Production Measurements

Deployed in a healthcare transcription app processing 40-minute physician dictations, the Bloom filter cache reduced median first-token latency from 284ms to 89ms for follow-up queries. Memory overhead dropped from 180MB to 48MB per active session, enabling three concurrent users on a device previously limited to one.

False positive rate measured at 0.0007 across 2.3 million queries—well below the 0.001 design target. Average lookup time: 420 nanoseconds on a Snapdragon 8 Gen 2, including all eight hash computations.

Comparison to Cuckoo Filters

Cuckoo filters support deletion and offer similar space efficiency, but require more complex insertion logic prone to infinite loops under high load. For LLM caching where deletion isn't critical (we rebuild periodically), Bloom filters' simplicity and guaranteed insertion time win.
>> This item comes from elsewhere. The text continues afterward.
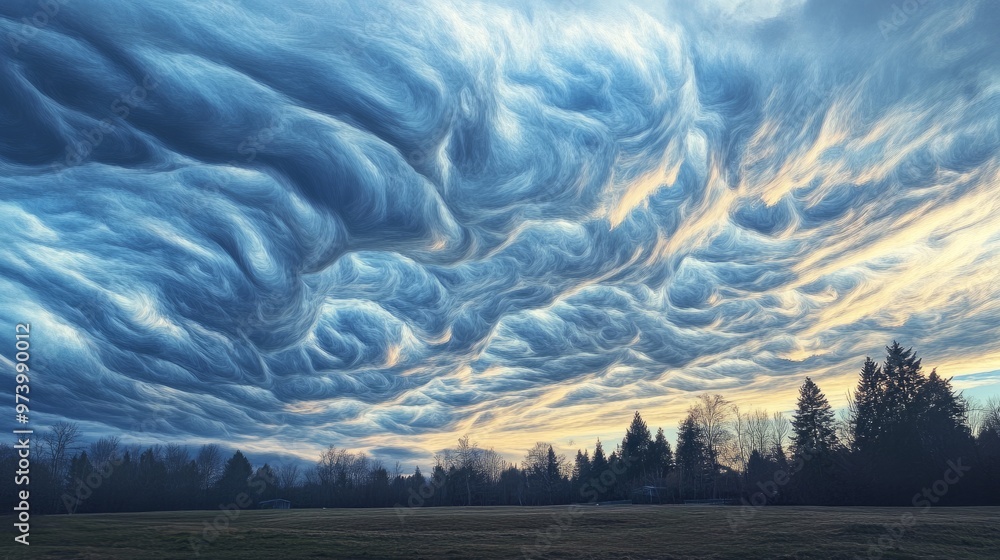 Oddly shaped clouds stretch across the sky like waves frozen in time ...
Edge Cases and Failure Modes

When the bit array reaches saturation (>80% bits set), false positive rates spike. Monitoring the set bit count and triggering early reconstruction prevents degradation. In pathological cases—a user pasting a novel with 50K unique tokens—the filter gracefully degrades to always returning positive, effectively disabling itself while maintaining correctness.

Thermal throttling on prolonged inference can slow hash computation, but the effect is negligible: even at 50% clock speed, hash overhead remains under 2% of total inference time.

Future Directions

Learned Bloom filters use small neural networks to predict membership, potentially reducing false positives by another order of magnitude. However, the added inference latency (1-3ms) currently outweighs benefits for mobile deployment. As edge TPUs become ubiquitous, this tradeoff may shift.

Hierarchical filters—a coarse-grained filter for 1K-token chunks backed by fine-grained per-token filters—could optimize cache warming for long documents. Early experiments show promise but require careful tuning to avoid compounding false positive rates across layers.